We study different notions of blow-up of a scheme $X$ along a subscheme $Y$, depending on the datum of an embedding of $X$ into an ambient scheme. The two extremes in this theory are the ordinary blow-up, corresponding to the identity, and the 'quasi-symmetric
blow-up', corresponding to the embedding of $X$ into a nonsingular variety. We prove that this latter blow-up is intrinsic of $Y$ and $X$, and is universal with respect to the requirement of being embedded as a subscheme of the ordinary blow-up of some ambient space along~$Y$.
¶ We consider these notions in the context of the theory of characteristic classes of singular varieties. We prove that if $X$ is a hypersurface in a nonsingular variety and $Y$ is its 'singularity subscheme', these two extremes embody respectively the conormal and characteristic cycles of $X$. Consequently, the first carries the essential information computing Chern-Mather classes, and the second is likewise a carrier for Chern-Schwartz-MacPherson classes.

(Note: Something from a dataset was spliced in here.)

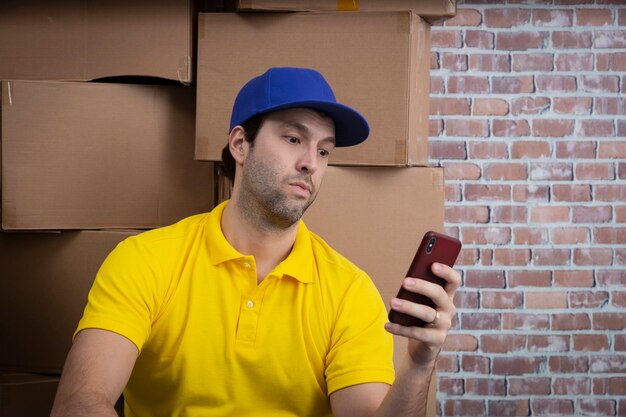 Brazilian mailman using a smartphone in front of a lot of packages in a deposit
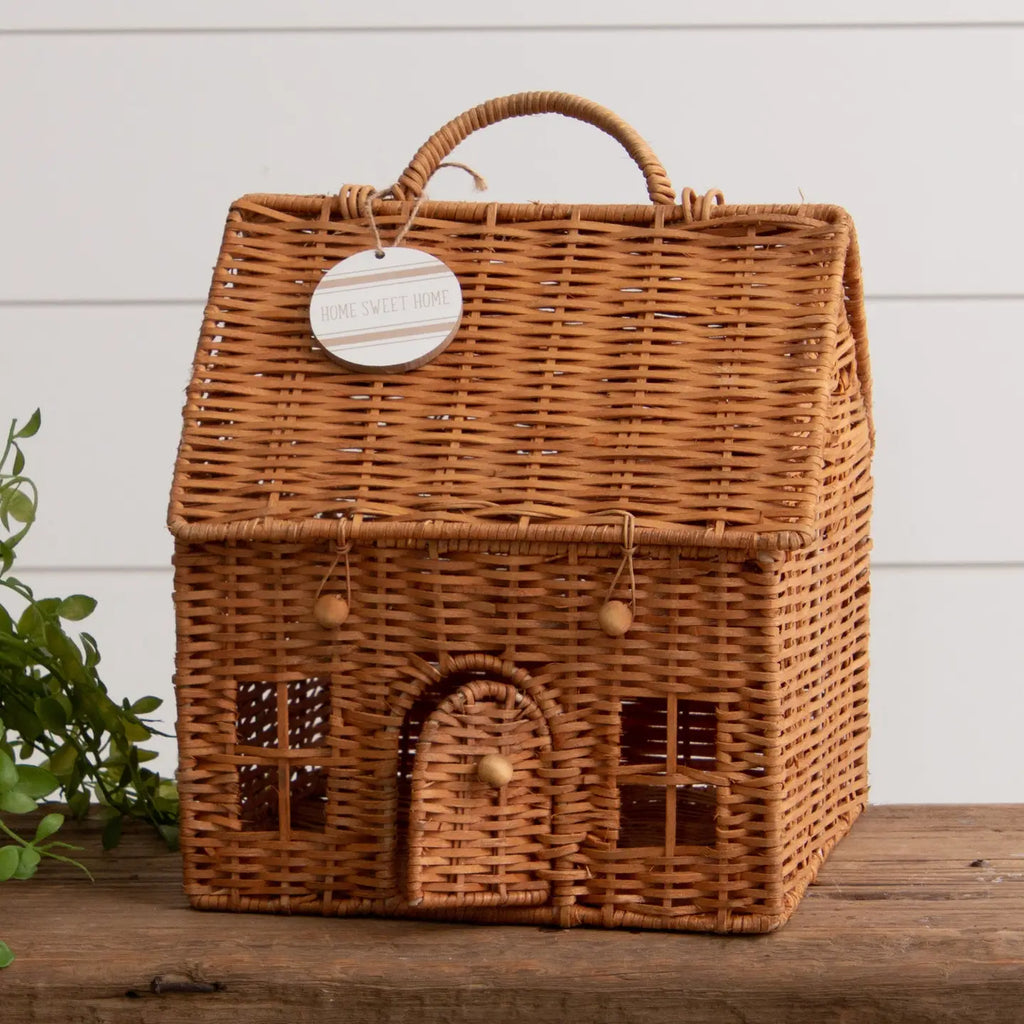 Wicker house-shaped basket with a tag on a wooden surface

In our approach, these classes are obtained from Segre class-like invariants, in precisely the same way as other intrinsic characteristic classes such as those proposed by Fulton, and by Fulton and Johnson.
¶ We also identify a condition on the singularities of a hypersurface under
which the quasi-symmetric blow-up is simply the linear fiber space
associated with a coherent sheaf.